You’ll need a comfortable place to rest that:

  • Is easy for you to get in and out of without straining or overusing your arms

  • Does not run the risk of rolling over onto your chest if you fall asleep

  • Allows you to move your legs (i.e., you don’t want to be pinned in)

Your lounge can be your bed, with a bunch of pillows arranged to prop up your head, back, shoulder, and arms, or a recliner with a cooperative “up and down” bar. Have a table within easy reach and clear it off pre-surgery: you want plenty of surface area for books, iPad, phone, magazines, things to sip, eat, etc. It’s best if you can set up your “lounge” in a room with a comfortable temperature and access to a light switch, so you don’t have to stumble around in the dark if you wake in the night.

You also will need room to move freely about—getting up at intervals and walking a bit minimizes the risk of blood clots and will help you keep from getting stiff—so consider removing extraneous items from your recovery area before you have surgery.


Eating nutritious food (think fruits, veggies, whole grains, and lean protein) after surgery will help you heal faster and feel better. While there’s nothing wrong with healthy takeout, the costs can add up—and you won’t be able to go pick up food for at least a couple of days anyway, as driving is strictly off limits while you are taking prescription pain meds.

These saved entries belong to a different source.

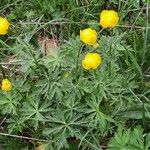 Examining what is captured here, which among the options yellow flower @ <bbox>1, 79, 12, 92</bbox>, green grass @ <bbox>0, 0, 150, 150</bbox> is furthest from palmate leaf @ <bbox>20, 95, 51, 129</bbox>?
yellow flower @ <bbox>1, 79, 12, 92</bbox>

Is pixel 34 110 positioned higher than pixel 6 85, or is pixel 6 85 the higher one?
pixel 6 85

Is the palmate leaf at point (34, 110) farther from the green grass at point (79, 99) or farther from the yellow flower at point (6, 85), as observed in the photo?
the yellow flower at point (6, 85)

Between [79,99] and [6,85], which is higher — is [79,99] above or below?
below

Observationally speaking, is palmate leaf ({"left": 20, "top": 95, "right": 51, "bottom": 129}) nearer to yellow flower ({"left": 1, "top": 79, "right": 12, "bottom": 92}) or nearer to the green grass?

Prep, portion, and freeze soups, casseroles, or any other healthy dishes that are easy to reheat. Alternatively, assign meal prep to a family member. Do them a favor (and ensure you get the foods you enjoy) by shopping for ingredients ahead of time.


Remember, lifting and straining aren’t allowed for several weeks, and you may not have full range of motion to reach your arms overhead. Make things easier on yourself by placing your toothbrush, skin care, dishes, etc. in easily accessible locations.

For things that don’t make sense on a countertop, find a good workaround so you don’t have to bend or strain. Place a chair next to where you put on your shoes, tie an extension on the pull string to your ceiling fan, or consider buying a grabber to pick objects up off the floor.


Have you ever tried to pull on a sweater or zip up a dress the day after completing a hard upper body weight workout? It’s not very fun, and that’s kind of how you’ll feel for a few days after breast augmentation. Make things easy on yourself (and avoid straining incisions) by getting a few pieces that open and close in the front, such as button up tops, sweaters, PJs, and wrap dresses.

Don’t forget about your bras—you will need to wear a soft, supportive bra for several weeks.